The game text doesn't present skill usage as a binary pass/fail... not even if you stop at PHB 174.
And yet... in practice that is seemingly how they are treated in all other situations in D&D when they come up. I mean, can anyone find me an official adventure where failing a DC-based skill check isn't treated as failure, but "progress with a setback"? I've certainly never seen that, but maybe it's out there.
Among those rules is DMG 242 which gives the method for non-binary outcomes. The range of results from ability checks is broader than that even, including (this is all from non-optional game text)
Can you give me a heading or something?
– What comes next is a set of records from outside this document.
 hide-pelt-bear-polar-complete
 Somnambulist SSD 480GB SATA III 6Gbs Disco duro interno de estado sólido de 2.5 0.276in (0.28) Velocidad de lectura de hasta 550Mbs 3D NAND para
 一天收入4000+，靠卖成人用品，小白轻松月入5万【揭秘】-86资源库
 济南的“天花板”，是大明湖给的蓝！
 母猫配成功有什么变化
I have the DMG on Beyond, rather than physical, and page references don't work, but I can't find anything like this. Not saying it isn't there, just that I can't find it.
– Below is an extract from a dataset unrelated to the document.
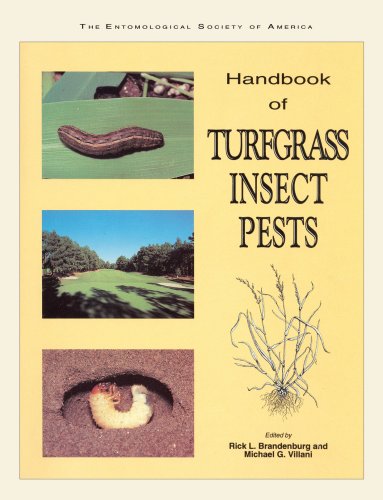 Beispielbild fr Handbook of Turfgrass Insect Pests : A Guide to Successful Insect Pest Management zum Verkauf von Better World Books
EDIT - Do you mean the section "Resolution and consequences"?
That's an interesting one because it's somewhat at odds with the PHB, in that it doesn't even include the "progress with a setback" option (rather instead having "success at a cost", which is almost the inverse, or at least 90 degrees off), among other things.
It's also misleading, I feel, for you to lay things out so neatly and clearly, when the book completely and totally fails to do so. I had to look for a lot longer because I was expecting something clear, but in fact what you've got there is a much better and more useful clarification than that the DMG actually offers, which is vague text waffle.
I definitely hope 6E put this sort of thing in the PHB, it's genuinely non-optional as you say, and makes it a lot clearer.
Also, you say it's "non-optional text", but the text is literally phrased as if it's "at the DM's whim", so I mean, it's obviously optional just without an "optional rule" heading or sidebar.